Japan's sales tax hike isn't just spurring concerns that its domestic economy may slow, some analysts worry the malaise may spread to other countries in the region.
Front-loading of spending by Japanese households to beat the consumption tax hike to 8 percent from 5 percent on April 1 "may have contributed to the healthy export performance of some of the non-Japan Asian (NJA) countries recently," Credit Suisse said in a note, adding the main spending beneficiaries were likely in the clothing, automobile and home electronics segments.
Economists widely expect Japan's household spending, as well as economic growth, will drop off in the wake of the tax hike, although forecasts vary widely.
"We expect economies that export a significant amount of discretionary consumer as well as transport and machinery products to Japan to be more vulnerable to the negative household spending shock," Credit Suisse said.
Exports from the Philippines and Thailand appear the most vulnerable to the likely downturn in Japanese household spending as a significant share of electronics and machinery products from these countries are used for domestic consumption and not for re-export, it said.
"Shipments to Japan represent a significant share of total exports from these two economies," it said, noting around 10 percent of Thailand's and 21 percent of the Philippines' merchandise exports go to Japan.

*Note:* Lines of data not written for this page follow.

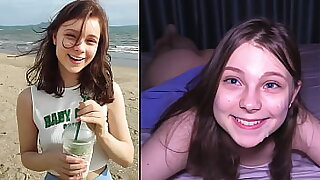 Hooking Up At The Beach  Cutie Makes Him Cum THREE TIMES !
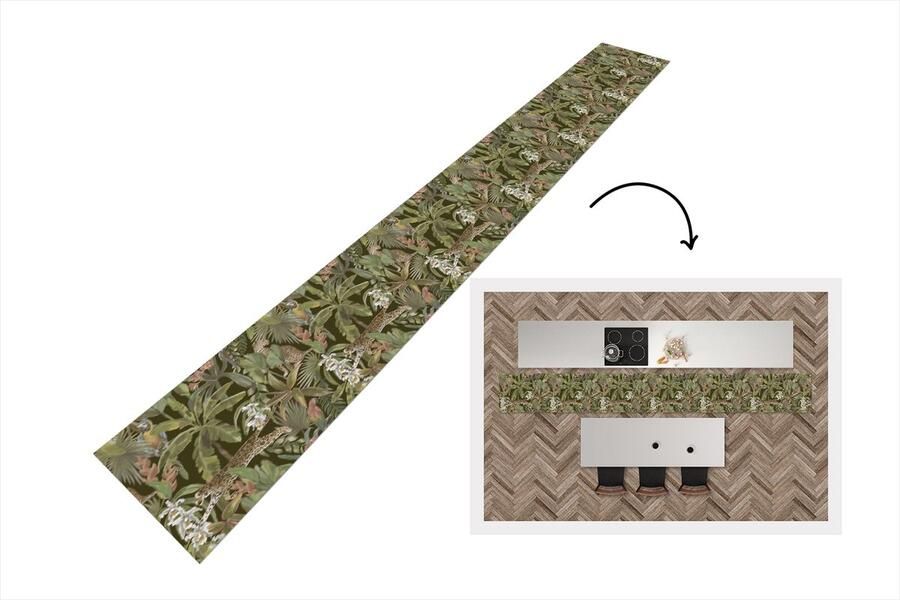 KitchenYeah Keukenloper Keukenmat Jungle Dieren Vintage Patroon 480x60 cm Keuken vloerkleed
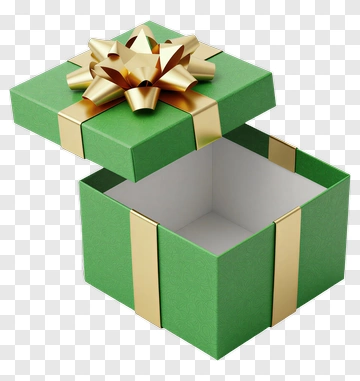 Green Gift Box With Gold Ribbon PNG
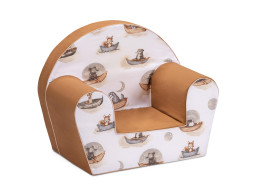 Detské kresielko MINI - Zvieratká na lodičkách - biele/hnedé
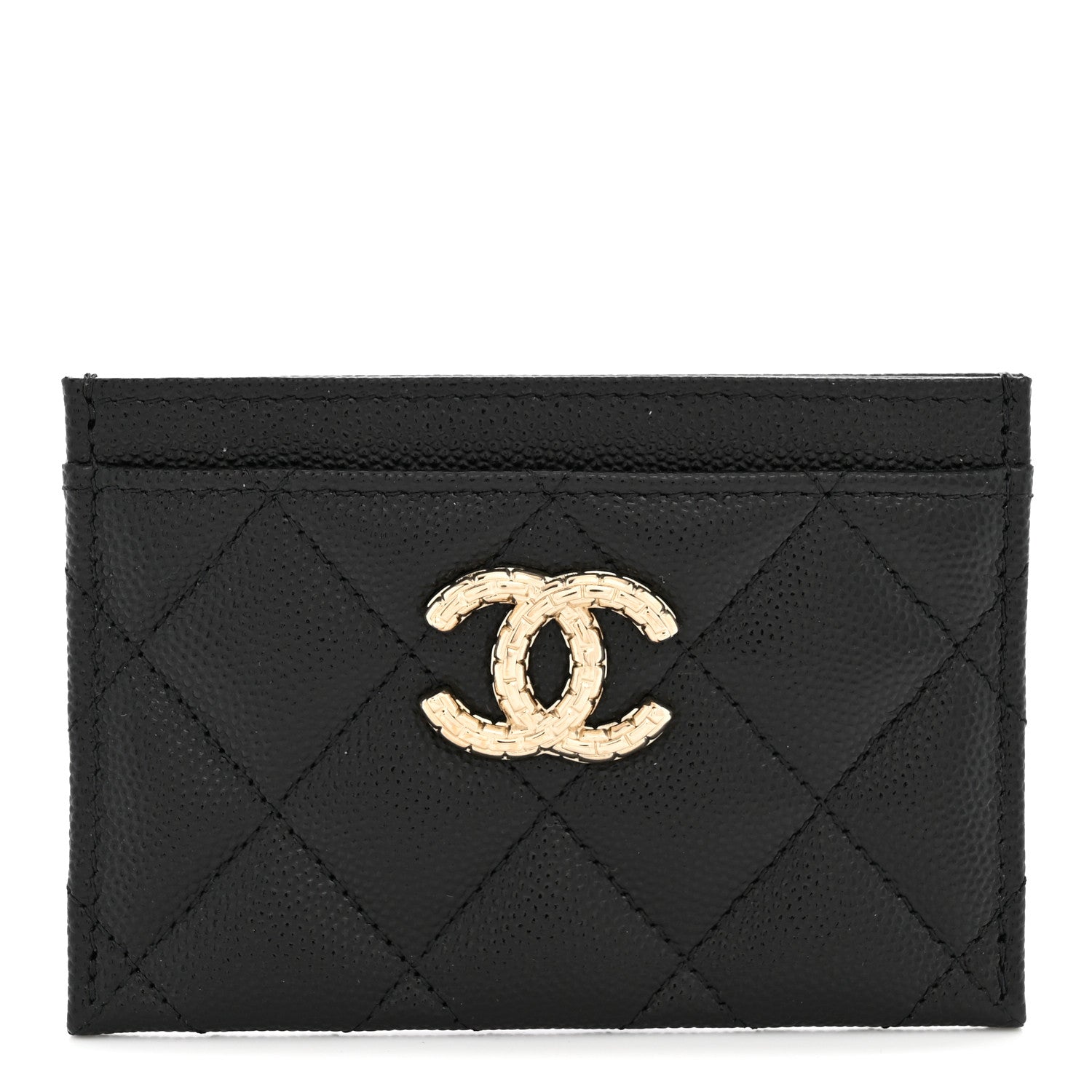 Chanel Caviar Quilted Hammered CC Card Holder Black 1 of 7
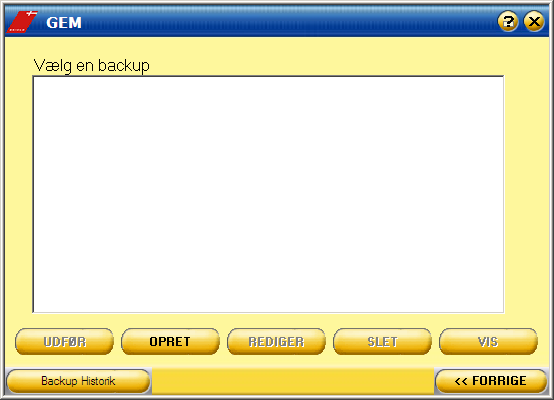 3. Backup Der er 2 muligheder for backup (top menuen backup) Under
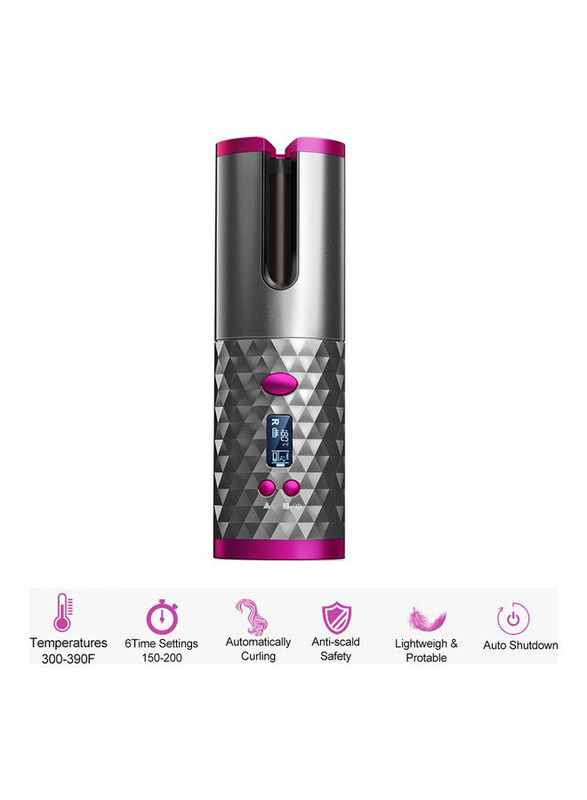 

Arabest Wireless Automatic Portable Ceramic Barrel Hair Curling Wand With LCD Display, Grey/Pink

The Philippines' February exports climbed 24.4 percent on-year after rising 9 percent on-year in January, touching their highest level on a seasonally adjusted basis since the country first began compiling data in 1979, according to Credit Suisse estimates.
The archipelago's exports to Japan rose 67 percent on-year in February, after climbing 50 percent in January, it noted, adding the potential for a pullback in the second quarter was significant.
"A significant proportion of exports to Japan from Thailand and the Philippines are products whose demand is particularly price sensitive, such as textiles, transport and electrical equipment, it said.
Credit Suisse estimates the tax hike will drag the two countries' economic growth by a relatively small around 20 basis points each for the year, as the first-quarter front-loading boost will help offset the hit to second and third quarter export and economic growth.
To be sure, not everyone expects the tax hike will have a huge impact on regional growth.
"It's not clear these economies will be hurt all that much because of the tax hike," Frederic Neumann, an economist at HSBC, said.
"There's bound to be some impact on growth for both of these markets, but we think it will be temporary," with Japan's economy set to reaccelerate in about three months, he added. "Japan will come through the tax hike in good shape."
In addition, he noted that both Thailand and the Philippines have been benefiting from Japanese foreign direct investment, which has picked up since the Bank of Japan embarked on its easing program around a year ago.
In 2013, Japanese investment in Asia rose around 20 percent, according to the Japan External Trade Organization, or Jetro, with direct investment in Southeast Asia more than doubling. Thailand, Southeast Asia's biggest car market, gets more than half its foreign direct investment from Japan.